He went through various factors, looking at the short- and long-term hopes for SKYLON. For example, in the short-term, he said that SKYLON will be fully commercial at lower-than-current launch costs (i.e. no tax-payer subsidy required to make up the launch cost). In the long term they are looking at around $10 million per launch.
Hempsell said that SKYLON will be more reliable than current launches, and since it has the option of aborting a mission and returning to Earth if there is a failure, he reckons there would be just a 1 in 20,000 chance of not getting your satellite successfully in orbit, or safely back to Earth in case of a problem. In the long-term they are looking at having reliability levels that match those of aircraft.
Availability is another key selling point. In the short-term, SKYLON could be available in a matter of months, and in the long-term they are hoping for it to be available in hours (if required – not as standard!).
So which market are they aiming for with SKYLON?
In the short-term Hempsell expects it to be a simple replacement for expendable satellite launchers, but the long-term ambitions are much grander. He says it’s a game changer, disruptive technology that could lead to a new age of space exploration – allowing people to realise those old dreams of people living in space.

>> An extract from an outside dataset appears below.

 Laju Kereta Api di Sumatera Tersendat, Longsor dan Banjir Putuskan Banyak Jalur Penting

The optimism continued as Hempsell explained that SKYLON can meet the requirements of the next generation European launcher. He reckons they can capture the market that ESA has. “This is a perfect match for what ESA thinks it will be doing until 2050” he says, adding that although ESA has no human spaceflight requirement at this stage, SKYLON will be sold to people who do, in the 2020s.

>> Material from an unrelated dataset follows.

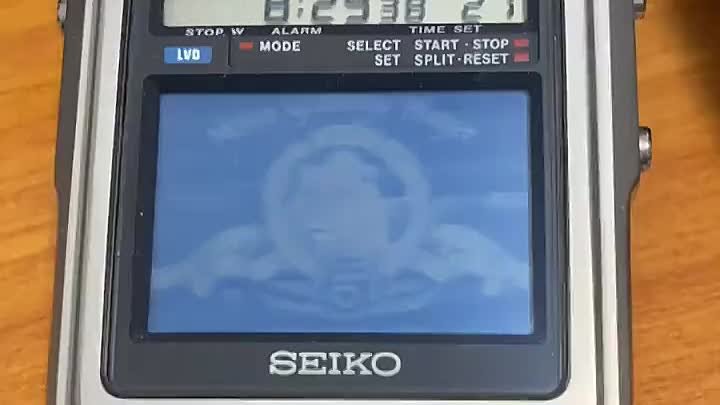 Seiko TV Watch - наручные часы с цифровым ЖК-дисплеем, встроенным ТВ ...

He claims that SKYLON could fly to the ISS with 11.5 tonnes of payload (or 10.5 tonnes if you allow for an attachment interface – which is rather crucial if you think about it!).With a crew/cargo combination you’d be looking at being able to send up an exchange crew of three to four people, plus around two tonnes of cargo.
They are also looking at a “personnel and logistics module” that could sit in the payload bay and take around 7.8 tonnes, including a crew, consumables and around 24 passengers into space. They expect something like that to be available when they’re ready to launch.
Here’s a (somewhat outdated) video explaining the module:
So that’s the satellite launch and space tourism markets covered, what about its potential for furthering exploration? “Project Troy” was a study looking at whether SKYLON (the old version, rather than new D mark) could be useful for a Mars mission. The study “proved” that SKYLON can launch a manned mission to Mars. They looked at building spacecraft in LEO and boosting them to Mars with Hydrogen and Oxygen fuelled stages. It suggests a fleet of three craft, each with six astronauts. Fascinating. Must find out more.
Project Troy was carried out to ensure that SKYLON is future-proofed says Hempsell. Thinking ahead to possible future scenarios is a smart move, though whether I would agree it is possible to “prove” a vehicle that as yet doesn’t exist (and airframe design is not finalised) is capable of a Mars mission, I’m not sure. “SKYLON will not be a block to realising customers’ dreams” say Hempsell. It’s a bold claim.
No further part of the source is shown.